■ What you should do ■
Nothing but the lines from the one with "Image showing Two" through the end of the data should be set down, each exactly as written, and no picture should be included.

■ The records ■

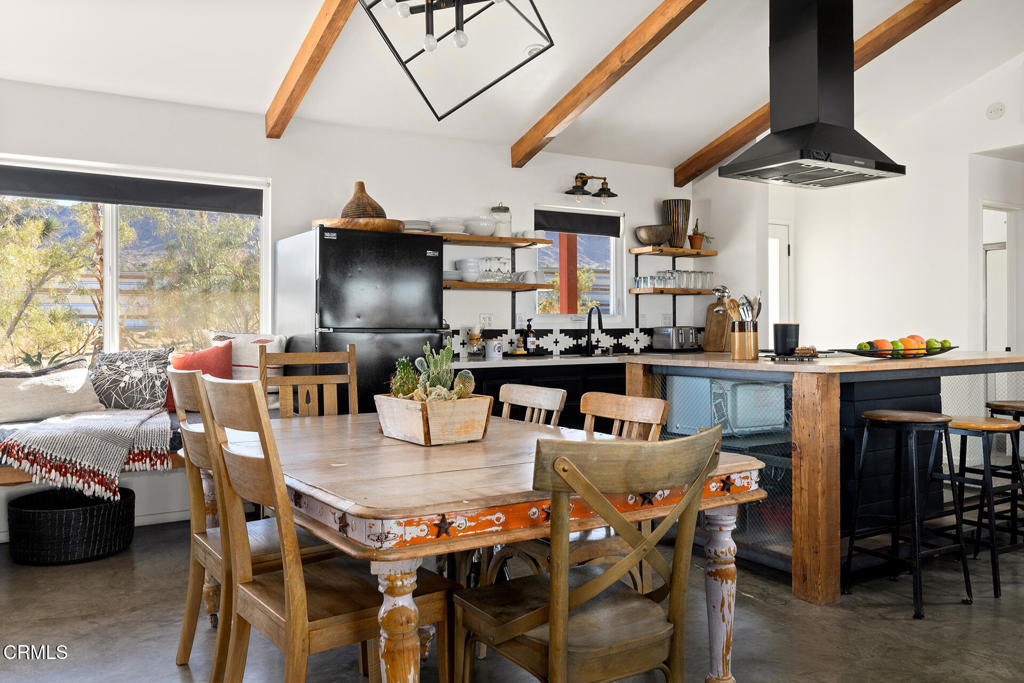 7284 Saddleback Road Joshua Tree, CA 92252 - Photo 8 of 47 a view of a dining room with furniture window and outside view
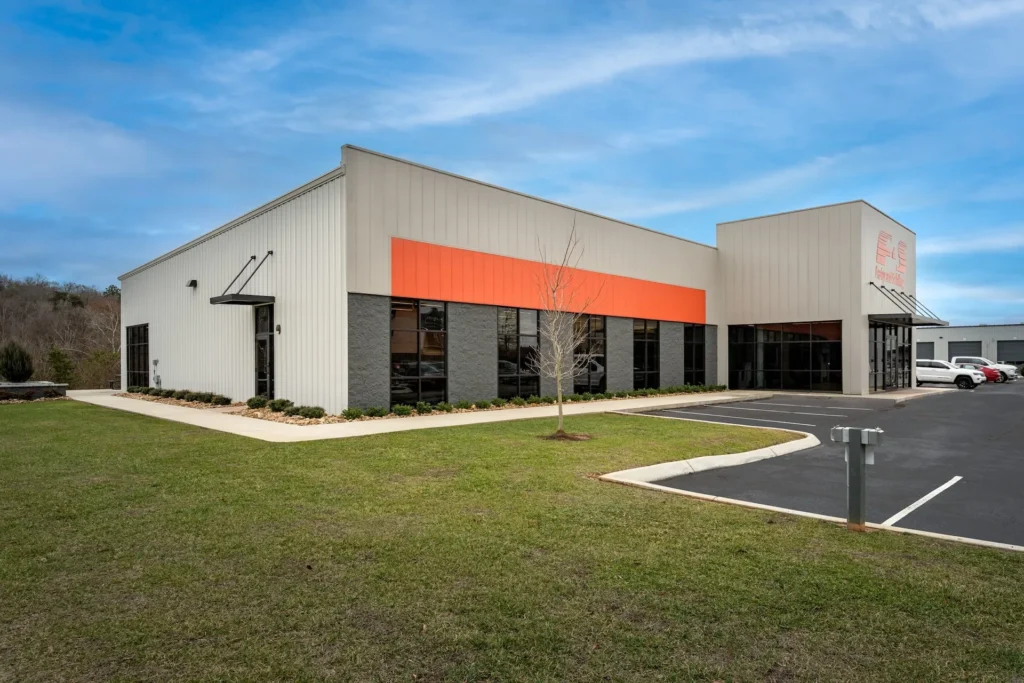 Fraley & Schilling corporate headquarters in Knoxville, TN, featuring modern architecture with an orange accent, designed and built by George Ewart, a top commercial architect firm in Knoxville, TN.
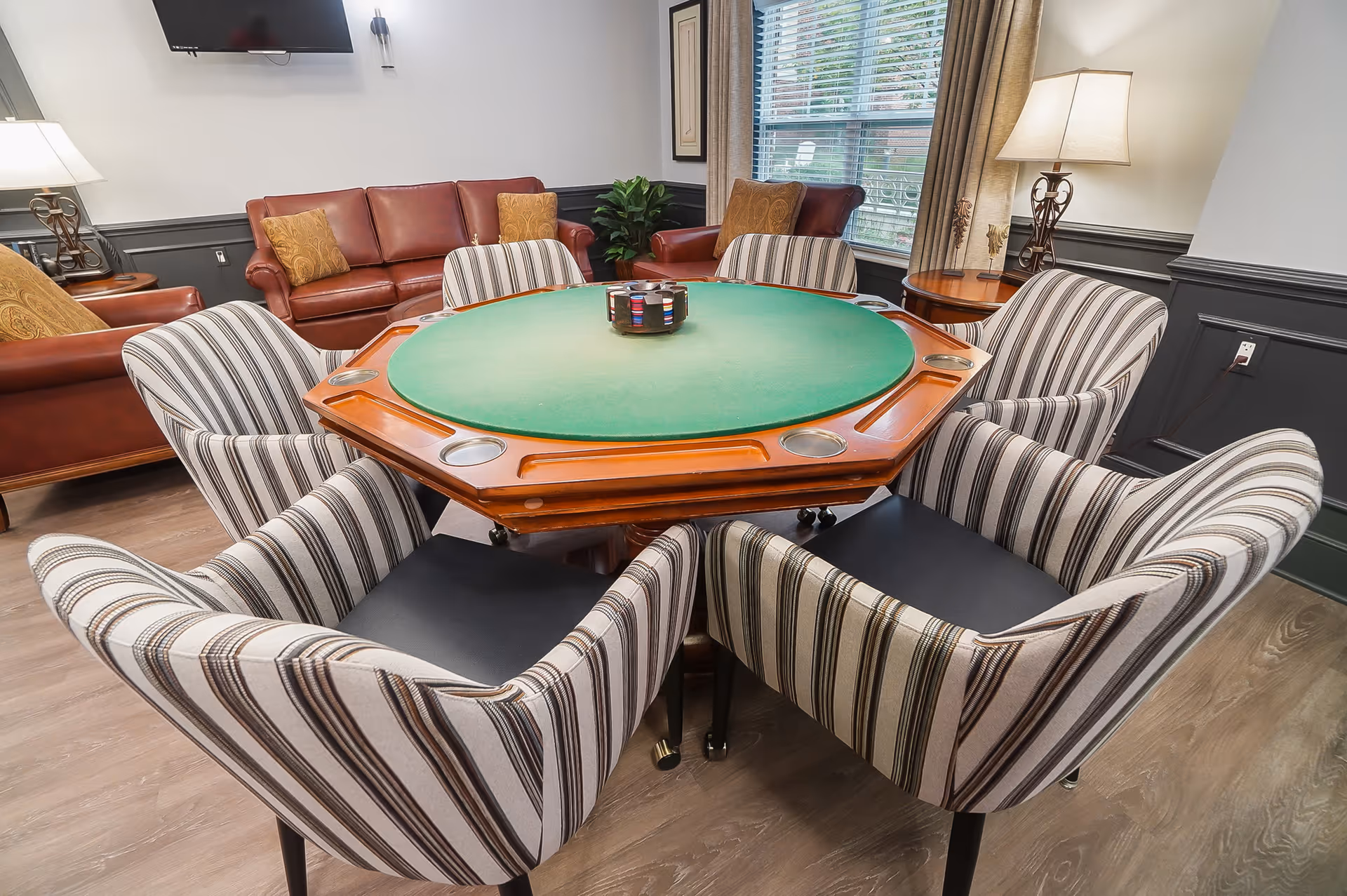 A cozy common area with a green felt octagonal poker table surrounded by six striped upholstered chairs. In the background, there are brown leather sofas with decorative pillows, a side table with a lamp, a large window with blinds, and a wall-mounted TV.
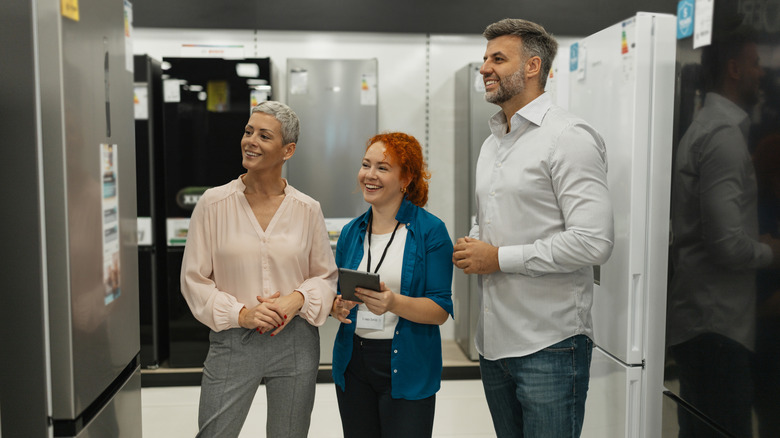 Three people examine a refrigerator in a store.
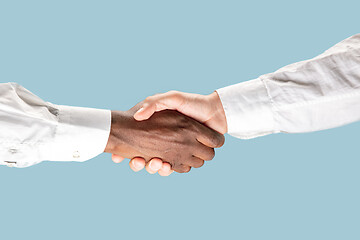 Image showing Two male hands shaking isolated on blue studio background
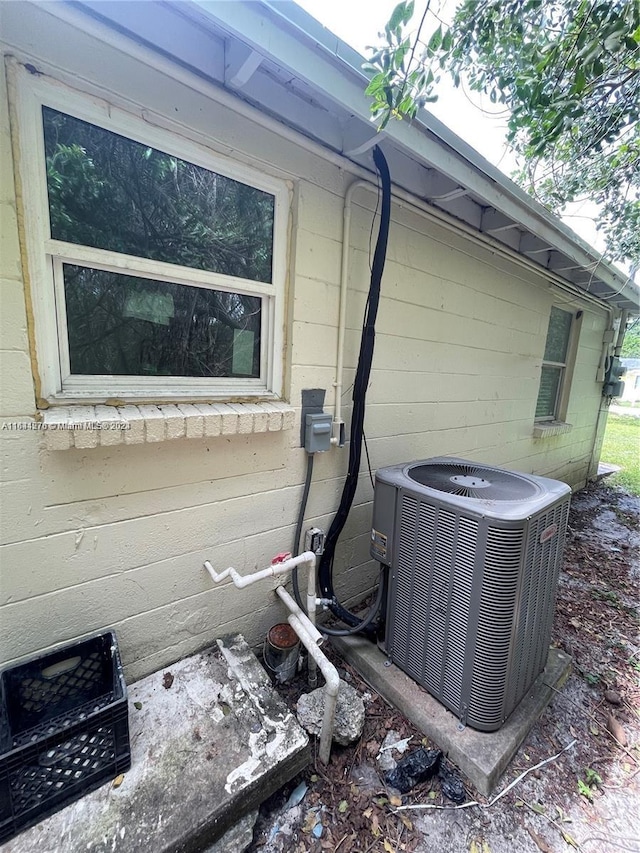 view of side of property with central AC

■ Solution ■
 Image showing Two male hands shaking isolated on blue studio background
 view of side of property with central AC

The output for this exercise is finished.